__YOUR OBJECTIVE__
Quote exactly, and only, the lines from the one containing "индика Дубна" through the end of the material below. Skip pictures.

__INFORMATION SUPPLIED__
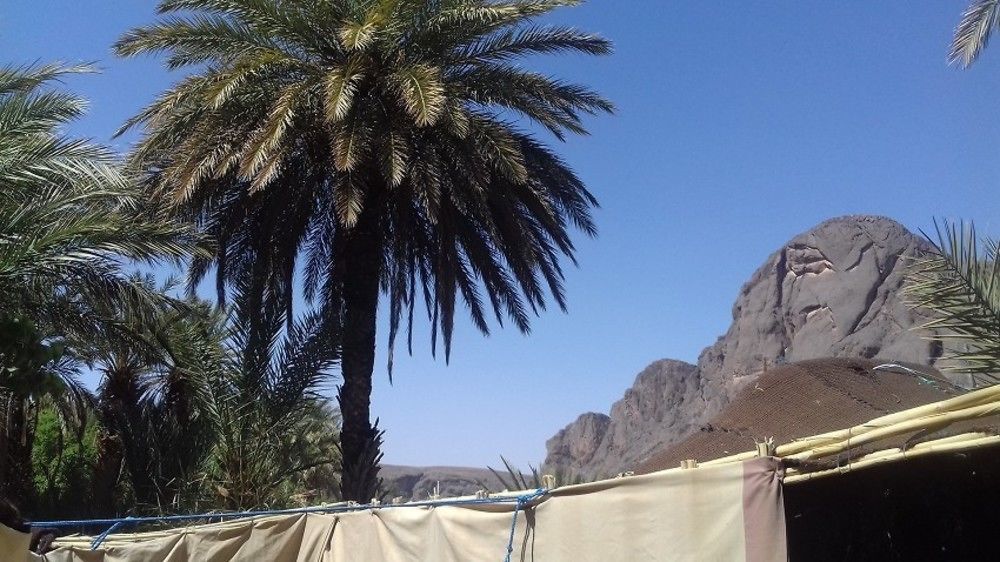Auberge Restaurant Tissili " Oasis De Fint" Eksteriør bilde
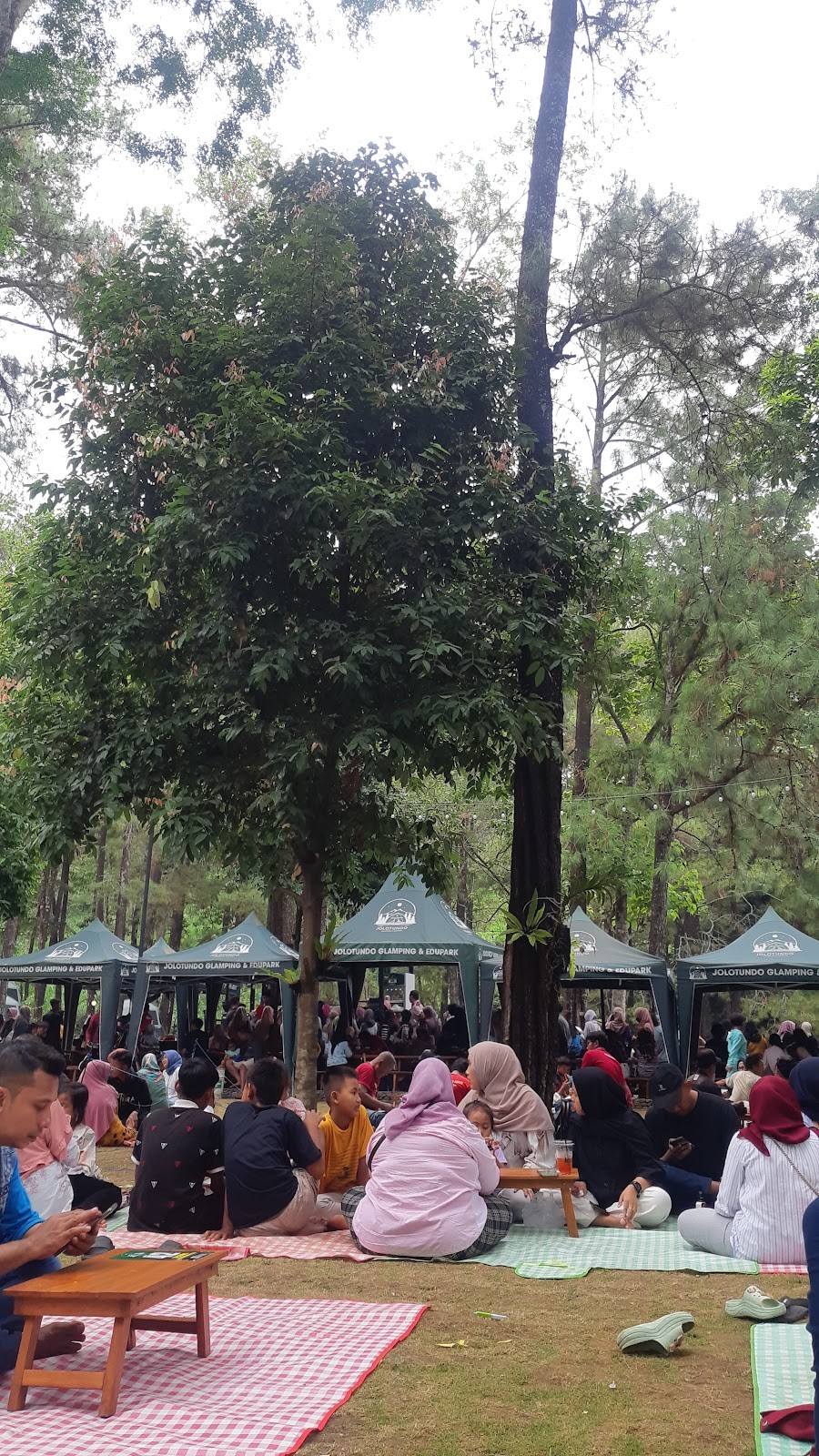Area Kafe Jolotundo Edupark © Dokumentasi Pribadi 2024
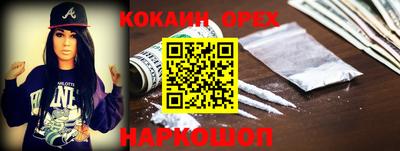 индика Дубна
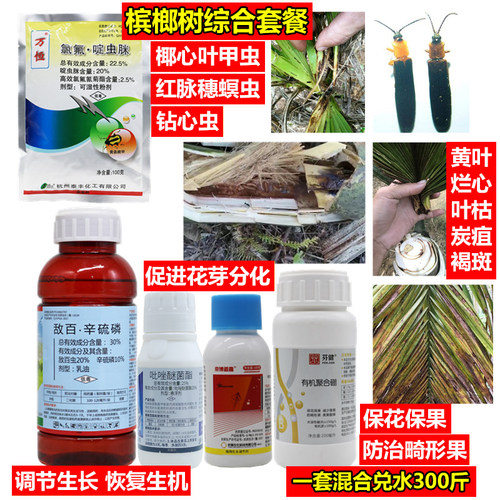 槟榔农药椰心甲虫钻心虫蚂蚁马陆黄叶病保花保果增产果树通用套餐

__RESULT BELOW__
 индика Дубна
 槟榔农药椰心甲虫钻心虫蚂蚁马陆黄叶病保花保果增产果树通用套餐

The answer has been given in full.